The dream – we plan to fill up our passports with exotic destinations and utilise all of that time, energy and money we have in abundance as a teacher!
The reality – we drag ourselves over the finish line each term and collapse in a heap. We regroup and decompress, fight the flu, clean the house, do our ironing and enjoy just being and having a normal routine or just hanging out with friends and families.
Summer 2016 I found myself at a lose end, so I signed up last minute to volunteer with LRTT.

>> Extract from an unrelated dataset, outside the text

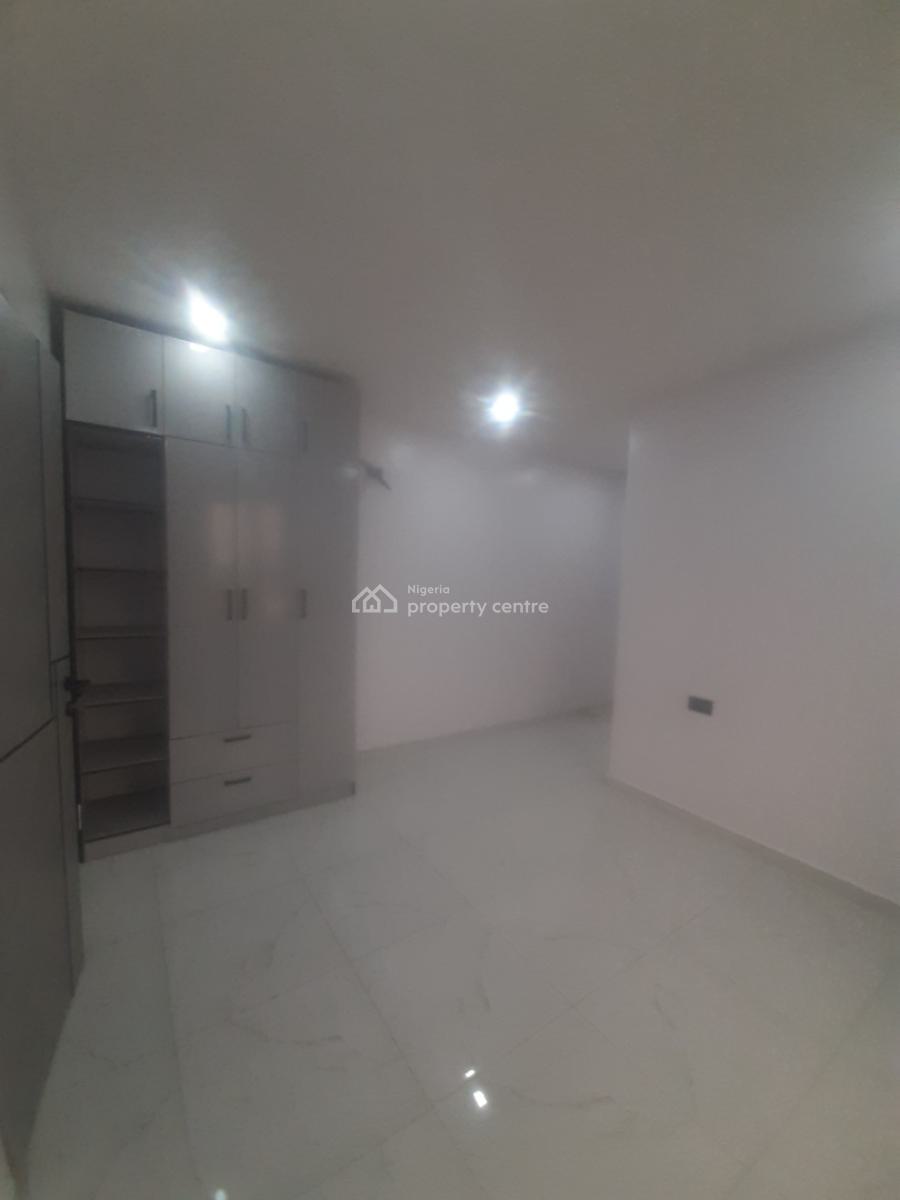 Newly Built and Serviced with 24/7 Power Supply 3 Bedroom En-suite Flat, Lekki Phase 1, Lekki, Lagos, Flat / Apartment for Rent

I literally signed up mid-July and found myself on a plane a few weeks later heading away for the whole of August. My reflections on my experiences volunteering to teach and train teachers in rural Tanzania are captured in my blogs here:
- On Teacher Training
- On Behaviour Management
- On Professional Learning
- On Citizenship
- On Naked Teaching Day
Last year, I agreed with Action Aid that OWLIE (Oxfordshire Women Leading in Education) would collaborate on a women in education charity project in Mozambique. The idea was that a group of women leading in education in Oxfordshire would pledge to fundraise together, then travel over to participate in a community development project.
What is my ‘Why’ for volunteering during my summer holidays?
- Lots of my friends and family may think I am bonkers that I work hard all year and then choose to ‘work’ in my holidays, but I don’t see volunteering as work but as giving back and paying it forward
- It is escapism from the daily grind but it is also very grounding and humbling – it is easy to get sucked into the issues and politics affecting our school/ our system but it reminds how lucky we are in so many ways
- As an English teacher, as a Headteacher, as the co-founder of #WomenEd I have so many reasons for why this project resonates with me
- Moreover, this year the #IWD18 theme is #PressforProgress and the UN have outlined the following sustainable development goals, it speaks to closing the gap 4 and 5
How will we be helping the community?
- We will live in the community and work alongside the locals
- We will contribute to the standard of living – we will be building a library in Paleira village. There is no library in the entire district, which means that 1,500 school children lack vital resources – books and learning materials to aid their studies.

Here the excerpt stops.